Task to carry out: Every line in the data below from the one containing "Paris, 1859 - Mollien" down to the one containing "Резинка стират. ПИФАГОР", both included, must be retyped exactly; no other line is to appear.

Extracted material:
= = =

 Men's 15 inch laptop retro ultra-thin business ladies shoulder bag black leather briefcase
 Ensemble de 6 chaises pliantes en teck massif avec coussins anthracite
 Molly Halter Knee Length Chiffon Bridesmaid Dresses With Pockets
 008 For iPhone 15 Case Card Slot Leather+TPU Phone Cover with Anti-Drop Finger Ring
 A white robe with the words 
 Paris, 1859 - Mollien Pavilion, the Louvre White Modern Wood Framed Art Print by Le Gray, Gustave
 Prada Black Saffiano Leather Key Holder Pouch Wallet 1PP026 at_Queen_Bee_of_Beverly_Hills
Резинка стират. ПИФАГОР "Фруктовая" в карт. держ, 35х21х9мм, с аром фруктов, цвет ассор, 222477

= = =

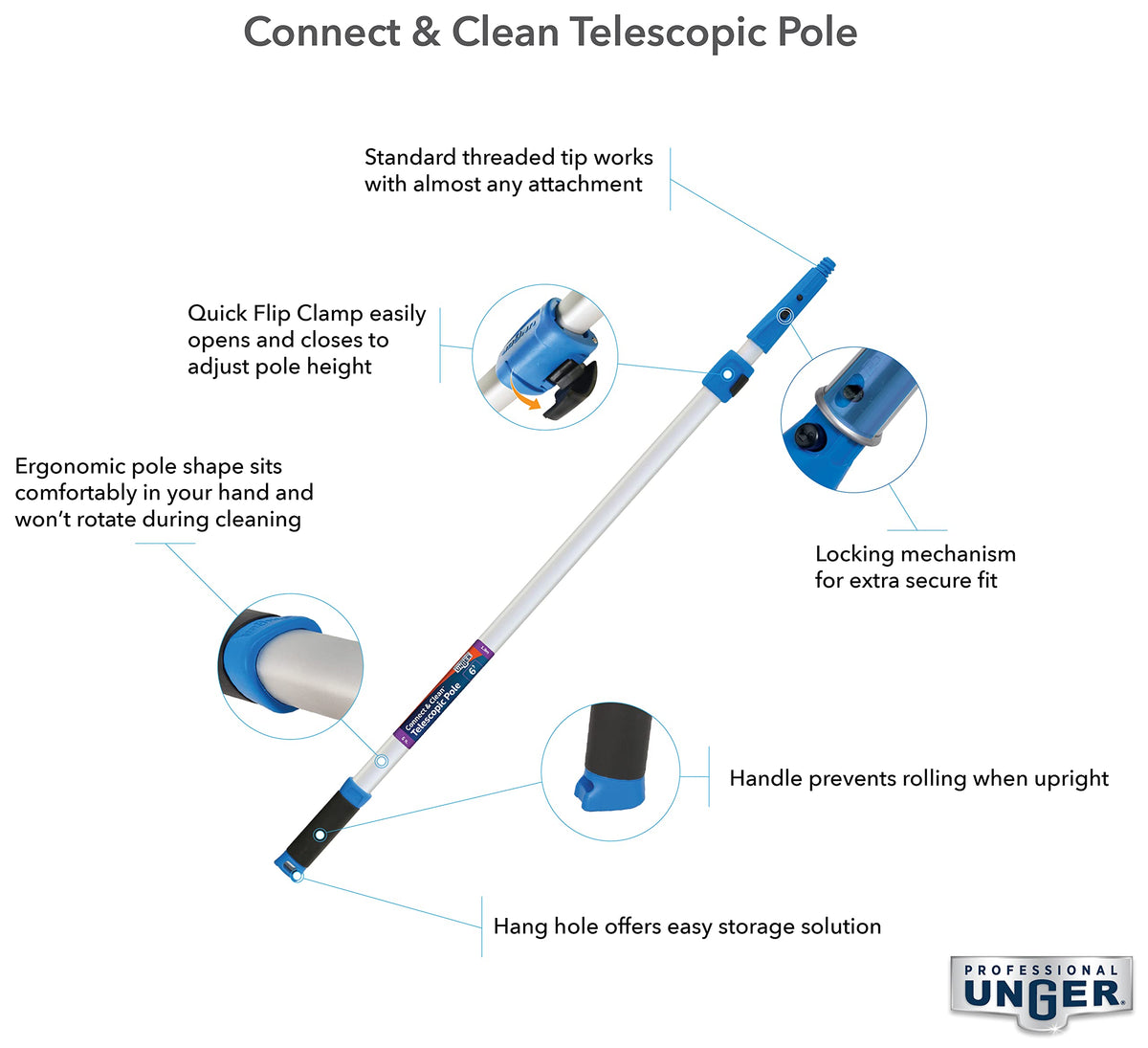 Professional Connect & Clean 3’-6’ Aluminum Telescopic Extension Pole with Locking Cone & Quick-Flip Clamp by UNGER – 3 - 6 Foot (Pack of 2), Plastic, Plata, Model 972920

= = =

Task output:
 Paris, 1859 - Mollien Pavilion, the Louvre White Modern Wood Framed Art Print by Le Gray, Gustave
 Prada Black Saffiano Leather Key Holder Pouch Wallet 1PP026 at_Queen_Bee_of_Beverly_Hills
Резинка стират. ПИФАГОР "Фруктовая" в карт. держ, 35х21х9мм, с аром фруктов, цвет ассор, 222477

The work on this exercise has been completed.